He launched into an animated criticism of French football and its officials, cheekily agreed that he was the greatest Frenchman in England and announced that he intends not only to finish his playing days on our shores but also to stay on after retirement.

He may have been invited to talk about a new Parisian stage version of Who's Afraid of Virginia Woolf? which he is co-producing, but the conversation very quickly turned to football and life in England. He started by admitting that when he arrived from France it was difficult to make his niche in the English game. "There wasn't really a place for foreigners," he said. "Now, it's a lot easier."

But, now that he feels at home, he is certainly not planning to leave. He asserted that he has no plans to come back to play in France and when asked what he planned to do after retirement said that, in spite of his reticence about good old English cooking: "I'd like to live in England. I've got used to it now."

As to what he may do after he hangs up his boots, he hinted that he would not rule out becoming a manager, but only "if I can bring something new to the game... I don't want to become one just to be like everybody else. I want to be a `creator'. If I think I have something to create, I'll continue in football."

Another possible career could be acting.

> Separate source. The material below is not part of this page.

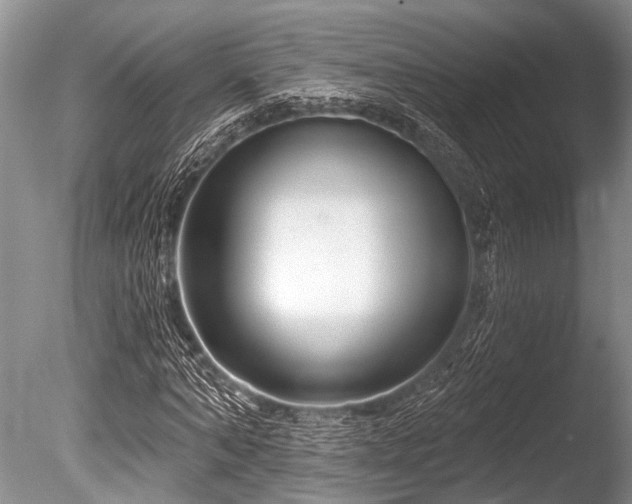 X0000086320870200703301215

He has already notched up a certain amount of experience with his ads for Nike, Sharp, Bic and Eurostar, as well as his role in the French movie, Le Bonheur est dans le Pre, and said that he is now planning to take acting lessons.

Only time will tell if he will have as much success as Johnny Weismuller did after slipping out of the Olympic pool, but Cantona already seems convinced that his greatness is assured.

When asked what his reaction had been when the Speaker of the House of Commons, Betty Boothroyd, had proclaimed that "the greatest Frenchman in England is Eric Cantona", he answered, with a smirk on his face: "She's right".

He was, however, not smiling when asked what he would like to say about French football. "It's going to ruin," he lamented. "The 25 best players are playing abroad. The people in charge have destroyed football."

After announcing that Cantona had just been voted best French footballer with 41 per cent in a survey carried out by a French magazine, presenter Philippe Gildas asked the Manchester United striker how many votes he thought the second player had received. "Three per cent?" Cantona ventured cheekily, before criticising the fact that two of the four most popular French players (Jean-Pierre Papin and himself) do not form part of the French national team. "I'm still available," he insisted. "[The French football officials] would be too happy if I said I was not available."

He complimented English fans on their singing of the French national anthem, "La Marseillaise," looked coy when admitting that his legs were insured and pooh-poohed the idea that extraterrestrials exist. But he did not leave without taking a bit of flak. During the French equivalent of Spitting Image, Les Guignols de l'Info, his puppet was featured painting flowers. "What are you painting?" said a voiceover.

"Everybody sees what they want to see," replied the puppet pretentiously.